[Crawled caption data]
-- Opening Marker --

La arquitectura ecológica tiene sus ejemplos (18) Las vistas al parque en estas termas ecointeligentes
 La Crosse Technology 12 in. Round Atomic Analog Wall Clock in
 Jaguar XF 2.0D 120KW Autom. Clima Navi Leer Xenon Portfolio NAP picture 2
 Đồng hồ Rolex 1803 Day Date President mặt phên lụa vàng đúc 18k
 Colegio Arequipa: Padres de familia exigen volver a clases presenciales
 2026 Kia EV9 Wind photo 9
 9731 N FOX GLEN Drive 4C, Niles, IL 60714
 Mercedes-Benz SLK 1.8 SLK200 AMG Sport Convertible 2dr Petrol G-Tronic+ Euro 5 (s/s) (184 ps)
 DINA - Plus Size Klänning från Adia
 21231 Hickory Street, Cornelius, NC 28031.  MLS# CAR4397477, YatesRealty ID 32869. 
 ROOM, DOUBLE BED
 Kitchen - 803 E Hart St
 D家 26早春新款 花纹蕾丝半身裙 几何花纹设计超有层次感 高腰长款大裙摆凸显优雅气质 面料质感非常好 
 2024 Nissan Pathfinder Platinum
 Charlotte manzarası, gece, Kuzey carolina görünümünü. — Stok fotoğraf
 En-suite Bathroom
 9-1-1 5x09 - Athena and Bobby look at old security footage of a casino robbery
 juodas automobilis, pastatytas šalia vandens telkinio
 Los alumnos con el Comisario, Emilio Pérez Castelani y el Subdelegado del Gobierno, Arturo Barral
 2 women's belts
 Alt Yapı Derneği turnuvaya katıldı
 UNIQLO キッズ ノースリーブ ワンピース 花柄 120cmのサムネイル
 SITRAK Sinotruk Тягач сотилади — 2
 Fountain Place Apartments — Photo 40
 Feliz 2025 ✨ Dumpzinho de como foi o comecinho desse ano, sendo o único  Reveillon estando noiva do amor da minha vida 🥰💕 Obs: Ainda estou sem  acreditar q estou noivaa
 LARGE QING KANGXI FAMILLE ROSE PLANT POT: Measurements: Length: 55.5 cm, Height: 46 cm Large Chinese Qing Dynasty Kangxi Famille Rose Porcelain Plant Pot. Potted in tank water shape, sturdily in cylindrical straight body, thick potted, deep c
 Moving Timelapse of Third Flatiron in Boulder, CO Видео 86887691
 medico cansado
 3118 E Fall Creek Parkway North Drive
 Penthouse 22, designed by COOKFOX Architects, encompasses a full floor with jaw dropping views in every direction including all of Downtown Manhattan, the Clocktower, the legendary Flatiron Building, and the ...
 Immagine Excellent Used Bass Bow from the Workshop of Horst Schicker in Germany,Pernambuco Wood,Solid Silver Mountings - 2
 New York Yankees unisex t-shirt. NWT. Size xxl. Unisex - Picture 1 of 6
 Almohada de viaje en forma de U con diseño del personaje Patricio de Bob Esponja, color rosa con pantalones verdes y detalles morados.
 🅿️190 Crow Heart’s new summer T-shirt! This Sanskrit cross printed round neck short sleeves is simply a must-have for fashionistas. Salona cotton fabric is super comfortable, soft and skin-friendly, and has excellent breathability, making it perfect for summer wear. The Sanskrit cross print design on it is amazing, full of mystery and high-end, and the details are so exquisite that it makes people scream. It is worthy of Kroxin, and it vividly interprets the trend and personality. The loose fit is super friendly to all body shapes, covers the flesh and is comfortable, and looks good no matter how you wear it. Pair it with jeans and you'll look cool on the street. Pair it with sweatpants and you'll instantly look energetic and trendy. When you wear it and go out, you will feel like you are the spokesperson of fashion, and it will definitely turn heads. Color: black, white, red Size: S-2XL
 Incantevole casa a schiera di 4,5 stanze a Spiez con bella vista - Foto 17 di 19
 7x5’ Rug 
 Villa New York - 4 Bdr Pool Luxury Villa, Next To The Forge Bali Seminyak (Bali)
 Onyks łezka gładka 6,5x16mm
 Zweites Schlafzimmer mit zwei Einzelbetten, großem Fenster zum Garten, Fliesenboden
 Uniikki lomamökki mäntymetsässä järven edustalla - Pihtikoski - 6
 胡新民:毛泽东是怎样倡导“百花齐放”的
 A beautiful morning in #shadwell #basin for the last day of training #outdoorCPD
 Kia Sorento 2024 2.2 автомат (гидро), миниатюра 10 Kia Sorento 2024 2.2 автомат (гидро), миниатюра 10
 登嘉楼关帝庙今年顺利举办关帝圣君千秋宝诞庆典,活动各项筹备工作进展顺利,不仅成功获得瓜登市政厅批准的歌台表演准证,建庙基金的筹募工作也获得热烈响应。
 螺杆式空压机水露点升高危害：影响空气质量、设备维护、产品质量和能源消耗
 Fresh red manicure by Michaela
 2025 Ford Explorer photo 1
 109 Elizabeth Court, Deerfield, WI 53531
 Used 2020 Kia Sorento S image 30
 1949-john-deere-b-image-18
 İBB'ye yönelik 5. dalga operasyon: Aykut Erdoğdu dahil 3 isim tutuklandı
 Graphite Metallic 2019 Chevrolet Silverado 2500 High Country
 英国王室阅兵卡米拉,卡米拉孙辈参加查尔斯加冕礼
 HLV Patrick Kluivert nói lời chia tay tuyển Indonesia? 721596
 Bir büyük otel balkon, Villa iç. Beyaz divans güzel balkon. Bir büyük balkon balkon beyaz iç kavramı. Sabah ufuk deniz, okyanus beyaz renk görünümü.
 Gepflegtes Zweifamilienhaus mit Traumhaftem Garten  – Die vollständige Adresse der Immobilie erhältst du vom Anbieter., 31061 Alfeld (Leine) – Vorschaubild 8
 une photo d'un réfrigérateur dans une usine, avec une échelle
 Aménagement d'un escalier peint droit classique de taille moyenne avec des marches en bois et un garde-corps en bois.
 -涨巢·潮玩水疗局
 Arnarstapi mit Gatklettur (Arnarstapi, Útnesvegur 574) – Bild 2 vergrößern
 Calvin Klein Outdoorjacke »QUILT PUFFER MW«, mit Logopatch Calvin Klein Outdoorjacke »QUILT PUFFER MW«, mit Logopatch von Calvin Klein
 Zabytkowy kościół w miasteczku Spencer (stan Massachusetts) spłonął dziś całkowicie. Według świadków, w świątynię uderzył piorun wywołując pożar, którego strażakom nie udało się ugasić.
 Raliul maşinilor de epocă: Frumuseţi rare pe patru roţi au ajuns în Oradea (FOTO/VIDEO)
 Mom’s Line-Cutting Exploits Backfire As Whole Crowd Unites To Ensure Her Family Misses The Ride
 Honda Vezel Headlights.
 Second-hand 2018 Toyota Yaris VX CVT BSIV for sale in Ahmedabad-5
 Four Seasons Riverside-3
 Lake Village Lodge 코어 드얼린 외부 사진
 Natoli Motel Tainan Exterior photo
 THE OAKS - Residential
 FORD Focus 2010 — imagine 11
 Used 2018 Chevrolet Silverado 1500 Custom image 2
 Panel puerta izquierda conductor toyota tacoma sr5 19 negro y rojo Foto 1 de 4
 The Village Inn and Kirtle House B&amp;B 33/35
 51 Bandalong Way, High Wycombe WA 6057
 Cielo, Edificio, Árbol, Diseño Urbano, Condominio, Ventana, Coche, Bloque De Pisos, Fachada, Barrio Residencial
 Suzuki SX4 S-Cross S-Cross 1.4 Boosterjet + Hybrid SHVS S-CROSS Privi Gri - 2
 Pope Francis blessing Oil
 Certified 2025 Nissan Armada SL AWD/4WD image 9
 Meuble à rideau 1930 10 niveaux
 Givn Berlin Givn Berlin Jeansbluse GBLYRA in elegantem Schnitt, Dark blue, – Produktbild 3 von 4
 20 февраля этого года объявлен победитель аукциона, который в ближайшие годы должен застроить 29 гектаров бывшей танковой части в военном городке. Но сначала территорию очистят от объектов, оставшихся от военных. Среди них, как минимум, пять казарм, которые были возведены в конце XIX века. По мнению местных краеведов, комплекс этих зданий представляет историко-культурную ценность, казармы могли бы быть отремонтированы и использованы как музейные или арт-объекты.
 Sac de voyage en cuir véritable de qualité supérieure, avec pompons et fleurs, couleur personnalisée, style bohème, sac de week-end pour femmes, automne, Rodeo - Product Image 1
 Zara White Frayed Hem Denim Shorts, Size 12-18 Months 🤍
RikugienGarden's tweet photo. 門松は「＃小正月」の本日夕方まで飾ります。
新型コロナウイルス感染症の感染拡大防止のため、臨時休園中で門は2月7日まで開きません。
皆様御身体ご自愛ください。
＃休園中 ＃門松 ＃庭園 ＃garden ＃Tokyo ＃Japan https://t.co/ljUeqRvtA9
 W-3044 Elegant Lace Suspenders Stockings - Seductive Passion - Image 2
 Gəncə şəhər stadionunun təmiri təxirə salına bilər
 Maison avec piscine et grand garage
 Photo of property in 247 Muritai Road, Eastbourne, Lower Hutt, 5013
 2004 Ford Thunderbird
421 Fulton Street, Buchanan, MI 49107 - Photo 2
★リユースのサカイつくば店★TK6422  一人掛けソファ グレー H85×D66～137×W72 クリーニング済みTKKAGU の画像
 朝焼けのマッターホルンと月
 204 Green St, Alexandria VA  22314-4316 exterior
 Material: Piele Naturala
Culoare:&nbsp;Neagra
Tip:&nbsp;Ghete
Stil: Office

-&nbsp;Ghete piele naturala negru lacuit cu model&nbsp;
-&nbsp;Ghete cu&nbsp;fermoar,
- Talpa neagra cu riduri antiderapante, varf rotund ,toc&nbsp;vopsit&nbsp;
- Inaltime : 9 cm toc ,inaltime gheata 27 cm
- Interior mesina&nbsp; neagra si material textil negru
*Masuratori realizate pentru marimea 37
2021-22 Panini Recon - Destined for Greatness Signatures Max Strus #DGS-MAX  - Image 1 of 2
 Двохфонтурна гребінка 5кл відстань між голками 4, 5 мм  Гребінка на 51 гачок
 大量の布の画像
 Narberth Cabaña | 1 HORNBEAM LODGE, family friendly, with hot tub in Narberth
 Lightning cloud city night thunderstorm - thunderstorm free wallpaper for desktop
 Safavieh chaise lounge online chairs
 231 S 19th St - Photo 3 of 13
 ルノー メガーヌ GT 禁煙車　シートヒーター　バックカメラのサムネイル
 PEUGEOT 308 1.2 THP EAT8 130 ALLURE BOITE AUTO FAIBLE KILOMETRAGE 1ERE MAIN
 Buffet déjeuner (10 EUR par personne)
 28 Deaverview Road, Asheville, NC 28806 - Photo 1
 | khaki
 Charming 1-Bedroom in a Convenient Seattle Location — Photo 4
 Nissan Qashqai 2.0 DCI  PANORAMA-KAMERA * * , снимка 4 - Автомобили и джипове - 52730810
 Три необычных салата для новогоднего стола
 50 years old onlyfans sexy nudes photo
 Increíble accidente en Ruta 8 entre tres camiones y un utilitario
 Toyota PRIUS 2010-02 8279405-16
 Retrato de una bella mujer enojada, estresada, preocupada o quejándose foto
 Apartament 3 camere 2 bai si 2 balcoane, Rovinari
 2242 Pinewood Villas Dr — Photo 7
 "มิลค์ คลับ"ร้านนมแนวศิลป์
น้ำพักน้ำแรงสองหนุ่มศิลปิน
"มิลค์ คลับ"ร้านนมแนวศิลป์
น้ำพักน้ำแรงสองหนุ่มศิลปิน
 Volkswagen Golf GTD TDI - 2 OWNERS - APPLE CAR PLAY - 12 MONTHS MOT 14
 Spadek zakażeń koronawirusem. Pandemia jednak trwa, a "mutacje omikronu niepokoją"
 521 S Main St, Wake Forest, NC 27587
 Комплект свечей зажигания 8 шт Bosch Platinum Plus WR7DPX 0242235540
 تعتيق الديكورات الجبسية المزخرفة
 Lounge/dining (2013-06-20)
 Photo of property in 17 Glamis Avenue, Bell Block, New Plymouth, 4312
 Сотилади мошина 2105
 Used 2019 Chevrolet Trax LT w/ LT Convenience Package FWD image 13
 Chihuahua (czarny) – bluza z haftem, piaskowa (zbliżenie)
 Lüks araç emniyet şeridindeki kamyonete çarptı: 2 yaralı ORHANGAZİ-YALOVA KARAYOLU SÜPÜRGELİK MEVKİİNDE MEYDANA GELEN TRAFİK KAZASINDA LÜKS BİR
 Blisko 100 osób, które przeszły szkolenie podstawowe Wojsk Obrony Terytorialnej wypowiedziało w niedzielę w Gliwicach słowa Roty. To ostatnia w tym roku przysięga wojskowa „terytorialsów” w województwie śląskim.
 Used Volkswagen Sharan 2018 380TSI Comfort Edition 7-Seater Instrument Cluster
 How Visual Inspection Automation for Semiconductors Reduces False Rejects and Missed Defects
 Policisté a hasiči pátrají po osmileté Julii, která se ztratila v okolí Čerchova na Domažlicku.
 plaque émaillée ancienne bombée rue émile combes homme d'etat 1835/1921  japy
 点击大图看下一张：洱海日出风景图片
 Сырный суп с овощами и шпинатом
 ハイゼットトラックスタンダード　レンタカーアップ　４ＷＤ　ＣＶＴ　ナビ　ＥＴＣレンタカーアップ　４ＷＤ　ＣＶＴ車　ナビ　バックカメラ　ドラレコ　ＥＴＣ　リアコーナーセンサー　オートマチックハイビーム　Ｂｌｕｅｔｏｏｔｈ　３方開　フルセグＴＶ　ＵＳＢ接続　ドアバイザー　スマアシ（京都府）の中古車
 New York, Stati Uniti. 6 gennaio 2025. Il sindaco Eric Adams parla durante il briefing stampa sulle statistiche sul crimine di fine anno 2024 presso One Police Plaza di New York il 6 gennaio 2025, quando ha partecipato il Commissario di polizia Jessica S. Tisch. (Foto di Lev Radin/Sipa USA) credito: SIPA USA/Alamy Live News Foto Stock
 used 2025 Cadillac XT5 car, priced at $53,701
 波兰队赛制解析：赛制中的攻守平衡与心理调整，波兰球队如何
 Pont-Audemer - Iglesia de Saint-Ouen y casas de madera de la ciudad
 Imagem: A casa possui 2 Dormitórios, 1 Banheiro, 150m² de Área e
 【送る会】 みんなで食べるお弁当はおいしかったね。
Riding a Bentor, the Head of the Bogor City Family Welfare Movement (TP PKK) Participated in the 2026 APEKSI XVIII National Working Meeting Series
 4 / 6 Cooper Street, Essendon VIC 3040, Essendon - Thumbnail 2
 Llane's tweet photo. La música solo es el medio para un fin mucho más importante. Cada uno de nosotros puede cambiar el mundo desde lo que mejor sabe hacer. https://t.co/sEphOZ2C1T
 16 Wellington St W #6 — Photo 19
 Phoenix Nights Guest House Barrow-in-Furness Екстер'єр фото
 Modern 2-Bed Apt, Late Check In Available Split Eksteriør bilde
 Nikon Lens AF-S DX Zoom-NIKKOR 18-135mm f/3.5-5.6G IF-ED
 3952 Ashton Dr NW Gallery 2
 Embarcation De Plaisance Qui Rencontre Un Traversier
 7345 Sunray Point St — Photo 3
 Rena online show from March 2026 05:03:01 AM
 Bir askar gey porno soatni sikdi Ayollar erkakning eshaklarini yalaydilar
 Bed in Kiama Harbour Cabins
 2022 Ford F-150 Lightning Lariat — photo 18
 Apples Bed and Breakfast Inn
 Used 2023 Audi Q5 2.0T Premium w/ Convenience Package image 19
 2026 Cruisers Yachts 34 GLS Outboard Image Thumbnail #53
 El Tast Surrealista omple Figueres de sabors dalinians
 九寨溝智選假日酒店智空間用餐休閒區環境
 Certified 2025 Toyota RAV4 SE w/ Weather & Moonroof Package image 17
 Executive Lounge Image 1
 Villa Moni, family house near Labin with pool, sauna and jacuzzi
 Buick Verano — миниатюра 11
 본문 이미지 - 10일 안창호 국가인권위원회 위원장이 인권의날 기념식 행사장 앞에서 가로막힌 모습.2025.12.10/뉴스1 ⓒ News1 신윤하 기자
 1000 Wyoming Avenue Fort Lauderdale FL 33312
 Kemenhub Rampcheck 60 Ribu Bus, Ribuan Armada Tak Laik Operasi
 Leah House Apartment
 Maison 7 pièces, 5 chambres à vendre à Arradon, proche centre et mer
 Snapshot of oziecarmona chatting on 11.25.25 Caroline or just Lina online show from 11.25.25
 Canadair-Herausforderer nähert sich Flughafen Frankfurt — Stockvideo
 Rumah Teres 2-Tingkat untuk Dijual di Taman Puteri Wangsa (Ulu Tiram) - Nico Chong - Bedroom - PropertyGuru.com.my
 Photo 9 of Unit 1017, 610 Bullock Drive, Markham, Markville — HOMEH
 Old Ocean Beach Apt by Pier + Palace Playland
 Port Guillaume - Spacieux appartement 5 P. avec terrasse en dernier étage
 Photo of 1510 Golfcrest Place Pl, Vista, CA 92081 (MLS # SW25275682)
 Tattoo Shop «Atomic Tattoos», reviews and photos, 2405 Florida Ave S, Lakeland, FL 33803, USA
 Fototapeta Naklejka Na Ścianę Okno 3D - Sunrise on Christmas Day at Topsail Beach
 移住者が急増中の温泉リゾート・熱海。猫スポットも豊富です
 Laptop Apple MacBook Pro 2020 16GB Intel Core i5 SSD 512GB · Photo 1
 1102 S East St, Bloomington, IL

-- Closing Marker --

■ **TASK INSTRUCTIONS**:
Set down, from the entries above, exactly the lines from the one with "51 Bandalong Way, High Wycombe WA 6057" up to and including the one with "Givn Berlin Givn", and no other lines.

■ **REPLY**:
 51 Bandalong Way, High Wycombe WA 6057
 Cielo, Edificio, Árbol, Diseño Urbano, Condominio, Ventana, Coche, Bloque De Pisos, Fachada, Barrio Residencial
 Suzuki SX4 S-Cross S-Cross 1.4 Boosterjet + Hybrid SHVS S-CROSS Privi Gri - 2
 Pope Francis blessing Oil
 Certified 2025 Nissan Armada SL AWD/4WD image 9
 Meuble à rideau 1930 10 niveaux
 Givn Berlin Givn Berlin Jeansbluse GBLYRA in elegantem Schnitt, Dark blue, – Produktbild 3 von 4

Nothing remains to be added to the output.